I thought every dog born in Bhutan are the luckiest and most fortunate dog on this planet. I also thought that it is due to the positive karmic merits that we were all born in the country that stresses more on happiness than on material wealth.  But recently with the ever growing and expanding of tourism industry in the country, our luck and fortune seem to have run out fast. Those tourists have extensively complained about our tradition of howling and barking in the nights. To the amazement of dog world, few locals have even started believing in the foreign idea of quite night. Isn’t this idea very strange? To be very honest, humans have themselves become more nocturnal than us!

What those nagging tourist and few locals do not understand is that, in Bhutan we have very less noise pollution compared to their metro and sonorous homes. The noise in the air by our lone national carrier, the Drukair and the noise from our small and compact traffic are so minimal that people often mistake the most urban city like Thimphu to a small monastery and a village. In this light, their protest is nothing but a human exaggeration of the societal norm.

Sadly, in response to all the rumbling complaints, humans have today chosen to build a prison for us in the name of dog pound. Humans call it a home for needy dogs and some even say its good place for dogs to be. But for a dog world, it’s the most dreaded place on earth. It’s a jail where dogs are imprisoned for life. It’s the price every dog will pay for disturbing the otherwise snoring humans, because barking and howling have now become a criminal offence and as per human definition, it’s treated at par with a felony of first degree.

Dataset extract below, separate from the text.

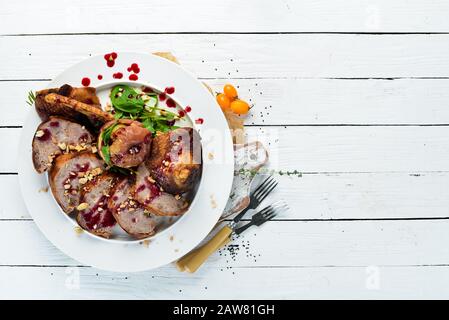 Gefüllte Ente mit Preiselbeersauce. Restaurantgerichte. Draufsicht. Freier Speicherplatz. Stockfoto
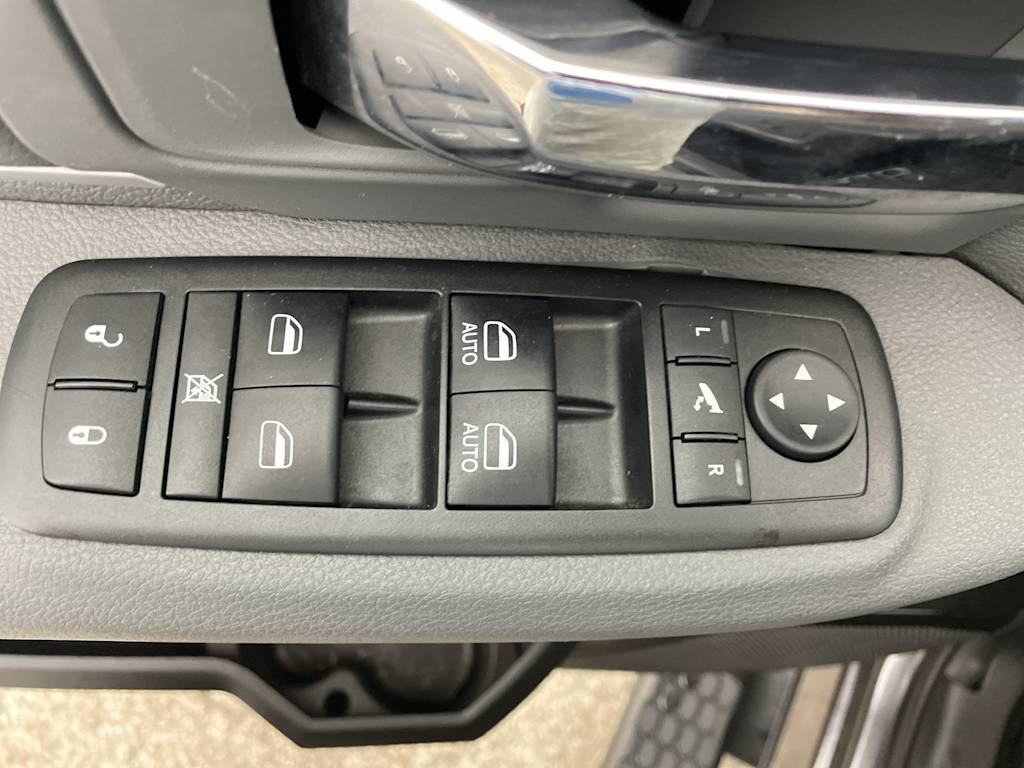 Thumbnail: 2015 RAM 1500 - 22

To add fuel on already burning fire, not realizing their own problem under their own nose, there are also some humans who think dogs have become uncontrollable. They have even gone to an extent of teaching authorities, the ways to affectively deal with dog problems. It’s very alarming to know that they want our species wiped off completely. They are planning genocide against the dog world. God save the dogs!

Amidst all this chilling news, I can see a glimmer of hope in a distant horizon. I heard that few humans have now formed an association to protect destitute animals like us. I also heard that the association is being chaired and supported by none other than a god like lama and other humans too. I hope and pray that this association prevails for eternity like our species.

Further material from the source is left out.